▶ _Assigned task_
Transcribe the records that follow, keeping every word as it stands.

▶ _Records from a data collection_
↓↓↓
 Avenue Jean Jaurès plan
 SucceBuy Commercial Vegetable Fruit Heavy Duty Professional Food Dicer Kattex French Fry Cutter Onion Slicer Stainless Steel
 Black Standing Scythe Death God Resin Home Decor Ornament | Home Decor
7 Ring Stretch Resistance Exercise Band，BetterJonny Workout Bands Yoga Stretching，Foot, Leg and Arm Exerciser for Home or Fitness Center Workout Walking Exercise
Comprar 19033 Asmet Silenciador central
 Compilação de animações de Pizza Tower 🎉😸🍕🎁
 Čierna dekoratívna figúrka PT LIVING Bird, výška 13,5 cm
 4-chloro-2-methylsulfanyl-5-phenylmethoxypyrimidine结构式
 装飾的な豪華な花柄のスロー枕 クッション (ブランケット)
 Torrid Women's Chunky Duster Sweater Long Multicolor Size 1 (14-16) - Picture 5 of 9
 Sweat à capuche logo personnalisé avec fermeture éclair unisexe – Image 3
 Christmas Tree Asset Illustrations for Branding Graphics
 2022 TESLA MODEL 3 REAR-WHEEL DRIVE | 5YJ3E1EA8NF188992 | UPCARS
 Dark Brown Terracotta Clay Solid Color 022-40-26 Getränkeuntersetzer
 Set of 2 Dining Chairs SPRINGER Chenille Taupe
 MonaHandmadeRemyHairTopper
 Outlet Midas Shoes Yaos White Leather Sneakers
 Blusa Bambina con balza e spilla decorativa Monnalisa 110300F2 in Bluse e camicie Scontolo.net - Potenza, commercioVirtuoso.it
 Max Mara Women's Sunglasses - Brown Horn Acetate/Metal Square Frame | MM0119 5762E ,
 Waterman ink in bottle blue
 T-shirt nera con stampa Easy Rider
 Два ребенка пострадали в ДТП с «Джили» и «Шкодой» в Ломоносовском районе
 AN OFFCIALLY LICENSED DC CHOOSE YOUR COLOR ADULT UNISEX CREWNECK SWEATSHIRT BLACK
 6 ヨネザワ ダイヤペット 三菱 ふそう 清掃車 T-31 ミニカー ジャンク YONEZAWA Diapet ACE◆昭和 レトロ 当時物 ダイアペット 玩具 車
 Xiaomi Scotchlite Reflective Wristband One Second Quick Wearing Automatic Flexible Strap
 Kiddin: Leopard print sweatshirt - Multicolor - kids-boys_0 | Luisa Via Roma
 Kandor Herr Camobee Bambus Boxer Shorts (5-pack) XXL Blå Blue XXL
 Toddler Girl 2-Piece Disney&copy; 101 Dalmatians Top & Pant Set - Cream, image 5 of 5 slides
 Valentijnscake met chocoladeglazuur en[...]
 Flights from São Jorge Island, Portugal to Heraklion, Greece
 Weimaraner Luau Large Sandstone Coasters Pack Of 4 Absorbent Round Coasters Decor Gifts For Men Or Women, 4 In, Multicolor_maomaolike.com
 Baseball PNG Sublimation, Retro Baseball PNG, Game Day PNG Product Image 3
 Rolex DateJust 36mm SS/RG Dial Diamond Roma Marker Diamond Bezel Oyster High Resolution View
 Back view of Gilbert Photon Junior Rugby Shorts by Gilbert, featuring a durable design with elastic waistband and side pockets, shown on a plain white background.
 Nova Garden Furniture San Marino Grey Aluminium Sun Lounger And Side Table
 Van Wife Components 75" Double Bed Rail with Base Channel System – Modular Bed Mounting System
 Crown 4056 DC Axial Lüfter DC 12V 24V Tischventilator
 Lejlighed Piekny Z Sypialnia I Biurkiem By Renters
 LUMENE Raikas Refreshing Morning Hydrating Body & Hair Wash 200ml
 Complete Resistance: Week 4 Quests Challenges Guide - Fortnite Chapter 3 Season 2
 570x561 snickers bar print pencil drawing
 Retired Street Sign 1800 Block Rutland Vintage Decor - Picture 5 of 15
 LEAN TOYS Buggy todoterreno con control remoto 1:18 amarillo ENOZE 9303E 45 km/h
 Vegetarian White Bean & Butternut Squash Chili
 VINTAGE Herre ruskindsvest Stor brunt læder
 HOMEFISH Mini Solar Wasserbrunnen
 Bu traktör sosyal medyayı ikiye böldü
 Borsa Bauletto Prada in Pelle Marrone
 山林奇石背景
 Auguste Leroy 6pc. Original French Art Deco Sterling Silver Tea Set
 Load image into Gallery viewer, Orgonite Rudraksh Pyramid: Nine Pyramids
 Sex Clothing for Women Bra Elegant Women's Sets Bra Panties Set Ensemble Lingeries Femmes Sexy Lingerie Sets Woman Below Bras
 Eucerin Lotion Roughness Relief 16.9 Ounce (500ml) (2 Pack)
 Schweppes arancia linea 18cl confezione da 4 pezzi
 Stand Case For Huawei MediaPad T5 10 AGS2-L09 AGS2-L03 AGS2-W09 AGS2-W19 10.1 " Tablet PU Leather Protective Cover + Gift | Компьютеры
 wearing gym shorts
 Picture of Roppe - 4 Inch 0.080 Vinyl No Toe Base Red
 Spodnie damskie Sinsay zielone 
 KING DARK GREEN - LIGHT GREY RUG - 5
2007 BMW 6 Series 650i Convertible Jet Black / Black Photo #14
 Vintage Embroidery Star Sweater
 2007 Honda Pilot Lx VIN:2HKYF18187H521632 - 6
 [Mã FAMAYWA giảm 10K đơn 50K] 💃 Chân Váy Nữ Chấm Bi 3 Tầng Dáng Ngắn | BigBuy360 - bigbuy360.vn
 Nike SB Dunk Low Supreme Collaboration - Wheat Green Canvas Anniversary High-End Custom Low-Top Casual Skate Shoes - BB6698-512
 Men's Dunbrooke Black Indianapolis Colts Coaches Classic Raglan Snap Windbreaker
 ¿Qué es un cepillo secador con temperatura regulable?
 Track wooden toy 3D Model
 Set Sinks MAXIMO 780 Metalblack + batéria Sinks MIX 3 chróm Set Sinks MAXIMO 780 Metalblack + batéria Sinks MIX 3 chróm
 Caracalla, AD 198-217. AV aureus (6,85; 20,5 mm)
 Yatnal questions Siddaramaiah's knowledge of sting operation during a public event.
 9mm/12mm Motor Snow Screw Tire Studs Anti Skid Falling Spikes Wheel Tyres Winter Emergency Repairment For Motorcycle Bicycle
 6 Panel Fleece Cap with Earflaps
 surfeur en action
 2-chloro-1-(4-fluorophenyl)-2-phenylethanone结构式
↑↑↑
▶ _Problem solution_
 Avenue Jean Jaurès plan
 SucceBuy Commercial Vegetable Fruit Heavy Duty Professional Food Dicer Kattex French Fry Cutter Onion Slicer Stainless Steel
 Black Standing Scythe Death God Resin Home Decor Ornament | Home Decor
7 Ring Stretch Resistance Exercise Band，BetterJonny Workout Bands Yoga Stretching，Foot, Leg and Arm Exerciser for Home or Fitness Center Workout Walking Exercise
Comprar 19033 Asmet Silenciador central
 Compilação de animações de Pizza Tower 🎉😸🍕🎁
 Čierna dekoratívna figúrka PT LIVING Bird, výška 13,5 cm
 4-chloro-2-methylsulfanyl-5-phenylmethoxypyrimidine结构式
 装飾的な豪華な花柄のスロー枕 クッション (ブランケット)
 Torrid Women's Chunky Duster Sweater Long Multicolor Size 1 (14-16) - Picture 5 of 9
 Sweat à capuche logo personnalisé avec fermeture éclair unisexe – Image 3
 Christmas Tree Asset Illustrations for Branding Graphics
 2022 TESLA MODEL 3 REAR-WHEEL DRIVE | 5YJ3E1EA8NF188992 | UPCARS
 Dark Brown Terracotta Clay Solid Color 022-40-26 Getränkeuntersetzer
 Set of 2 Dining Chairs SPRINGER Chenille Taupe
 MonaHandmadeRemyHairTopper
 Outlet Midas Shoes Yaos White Leather Sneakers
 Blusa Bambina con balza e spilla decorativa Monnalisa 110300F2 in Bluse e camicie Scontolo.net - Potenza, commercioVirtuoso.it
 Max Mara Women's Sunglasses - Brown Horn Acetate/Metal Square Frame | MM0119 5762E ,
 Waterman ink in bottle blue
 T-shirt nera con stampa Easy Rider
 Два ребенка пострадали в ДТП с «Джили» и «Шкодой» в Ломоносовском районе
 AN OFFCIALLY LICENSED DC CHOOSE YOUR COLOR ADULT UNISEX CREWNECK SWEATSHIRT BLACK
 6 ヨネザワ ダイヤペット 三菱 ふそう 清掃車 T-31 ミニカー ジャンク YONEZAWA Diapet ACE◆昭和 レトロ 当時物 ダイアペット 玩具 車
 Xiaomi Scotchlite Reflective Wristband One Second Quick Wearing Automatic Flexible Strap
 Kiddin: Leopard print sweatshirt - Multicolor - kids-boys_0 | Luisa Via Roma
 Kandor Herr Camobee Bambus Boxer Shorts (5-pack) XXL Blå Blue XXL
 Toddler Girl 2-Piece Disney&copy; 101 Dalmatians Top & Pant Set - Cream, image 5 of 5 slides
 Valentijnscake met chocoladeglazuur en[...]
 Flights from São Jorge Island, Portugal to Heraklion, Greece
 Weimaraner Luau Large Sandstone Coasters Pack Of 4 Absorbent Round Coasters Decor Gifts For Men Or Women, 4 In, Multicolor_maomaolike.com
 Baseball PNG Sublimation, Retro Baseball PNG, Game Day PNG Product Image 3
 Rolex DateJust 36mm SS/RG Dial Diamond Roma Marker Diamond Bezel Oyster High Resolution View
 Back view of Gilbert Photon Junior Rugby Shorts by Gilbert, featuring a durable design with elastic waistband and side pockets, shown on a plain white background.
 Nova Garden Furniture San Marino Grey Aluminium Sun Lounger And Side Table
 Van Wife Components 75" Double Bed Rail with Base Channel System – Modular Bed Mounting System
 Crown 4056 DC Axial Lüfter DC 12V 24V Tischventilator
 Lejlighed Piekny Z Sypialnia I Biurkiem By Renters
 LUMENE Raikas Refreshing Morning Hydrating Body & Hair Wash 200ml
 Complete Resistance: Week 4 Quests Challenges Guide - Fortnite Chapter 3 Season 2
 570x561 snickers bar print pencil drawing
 Retired Street Sign 1800 Block Rutland Vintage Decor - Picture 5 of 15
 LEAN TOYS Buggy todoterreno con control remoto 1:18 amarillo ENOZE 9303E 45 km/h
 Vegetarian White Bean & Butternut Squash Chili
 VINTAGE Herre ruskindsvest Stor brunt læder
 HOMEFISH Mini Solar Wasserbrunnen
 Bu traktör sosyal medyayı ikiye böldü
 Borsa Bauletto Prada in Pelle Marrone
 山林奇石背景
 Auguste Leroy 6pc. Original French Art Deco Sterling Silver Tea Set
 Load image into Gallery viewer, Orgonite Rudraksh Pyramid: Nine Pyramids
 Sex Clothing for Women Bra Elegant Women's Sets Bra Panties Set Ensemble Lingeries Femmes Sexy Lingerie Sets Woman Below Bras
 Eucerin Lotion Roughness Relief 16.9 Ounce (500ml) (2 Pack)
 Schweppes arancia linea 18cl confezione da 4 pezzi
 Stand Case For Huawei MediaPad T5 10 AGS2-L09 AGS2-L03 AGS2-W09 AGS2-W19 10.1 " Tablet PU Leather Protective Cover + Gift | Компьютеры
 wearing gym shorts
 Picture of Roppe - 4 Inch 0.080 Vinyl No Toe Base Red
 Spodnie damskie Sinsay zielone 
 KING DARK GREEN - LIGHT GREY RUG - 5
2007 BMW 6 Series 650i Convertible Jet Black / Black Photo #14
 Vintage Embroidery Star Sweater
 2007 Honda Pilot Lx VIN:2HKYF18187H521632 - 6
 [Mã FAMAYWA giảm 10K đơn 50K] 💃 Chân Váy Nữ Chấm Bi 3 Tầng Dáng Ngắn | BigBuy360 - bigbuy360.vn
 Nike SB Dunk Low Supreme Collaboration - Wheat Green Canvas Anniversary High-End Custom Low-Top Casual Skate Shoes - BB6698-512
 Men's Dunbrooke Black Indianapolis Colts Coaches Classic Raglan Snap Windbreaker
 ¿Qué es un cepillo secador con temperatura regulable?
 Track wooden toy 3D Model
 Set Sinks MAXIMO 780 Metalblack + batéria Sinks MIX 3 chróm Set Sinks MAXIMO 780 Metalblack + batéria Sinks MIX 3 chróm
 Caracalla, AD 198-217. AV aureus (6,85; 20,5 mm)
 Yatnal questions Siddaramaiah's knowledge of sting operation during a public event.
 9mm/12mm Motor Snow Screw Tire Studs Anti Skid Falling Spikes Wheel Tyres Winter Emergency Repairment For Motorcycle Bicycle
 6 Panel Fleece Cap with Earflaps
 surfeur en action
 2-chloro-1-(4-fluorophenyl)-2-phenylethanone结构式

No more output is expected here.